TensorRT
TensorRT copied to clipboard
have problem for converting ONNX model to TRT
Description
Hi, I wanna convert my ONNX model to TRT. I use the below command to convert this model:
/usr/src/tensorrt/bin/trtexec --onnx=model_folded.onnx --verbose --explicitBatch --saveEngine=model.trt
After I searched for this problem, a collaborator from Nvidia said that it may solve by the below command. In addition he says that maybe folding it may solve this problem.

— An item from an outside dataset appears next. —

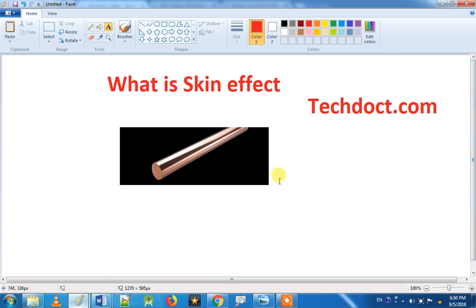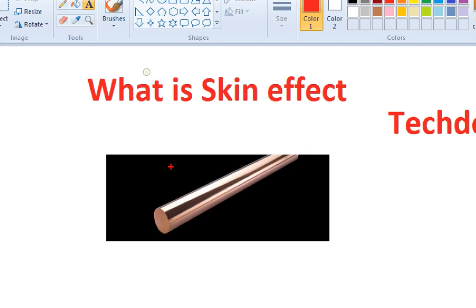The first thing is about skin effect. What is the skin effect? If you want to understand the skin effect, if you look at the current and the skin, you will see the skin effect on the conductor surface.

polygraphy surgeon sanitize model.onnx --fold-constants --output model_folded.onnx
After that for both model I have issue and can't convert to TRT.
The error is:
[08/09/2022-07:55:01] [V] [TRT] --------------- Timing Runner: {ForeignNode[onnx::Add_746 + (Unnamed Layer* 20) [Shuffle]...Transpose_245 + (Unnamed Layer* 459) [Shuffle]]} (Myelin)
[08/09/2022-07:55:02] [E] Error[1]: [graphContext.h::~MyelinGraphContext::35] Error Code 1: Myelin (no further information)
[08/09/2022-07:55:02] [W] [TRT] Skipping tactic 0x0000000000000000 due to Myelin error: cuBLAS initialization failed: 3.
[08/09/2022-07:55:02] [V] [TRT] Fastest Tactic: 0xd15ea5edd15ea5ed Time: inf
[08/09/2022-07:55:02] [V] [TRT] Deleting timing cache: 164 entries, served 8188 hits since creation.
[08/09/2022-07:55:02] [E] Error[10]: [optimizer.cpp::computeCosts::3626] Error Code 10: Internal Error (Could not find any implementation for node {ForeignNode[onnx::Add_746 + (Unnamed Layer* 20) [Shuffle]...Transpose_245 + (Unnamed Layer* 459) [Shuffle]]}.)
[08/09/2022-07:55:02] [E] Error[2]: [builder.cpp::buildSerializedNetwork::636] Error Code 2: Internal Error (Assertion engine != nullptr failed. )
[08/09/2022-07:55:02] [E] Engine could not be created from network
[08/09/2022-07:55:02] [E] Building engine failed
[08/09/2022-07:55:02] [E] Failed to create engine from model or file.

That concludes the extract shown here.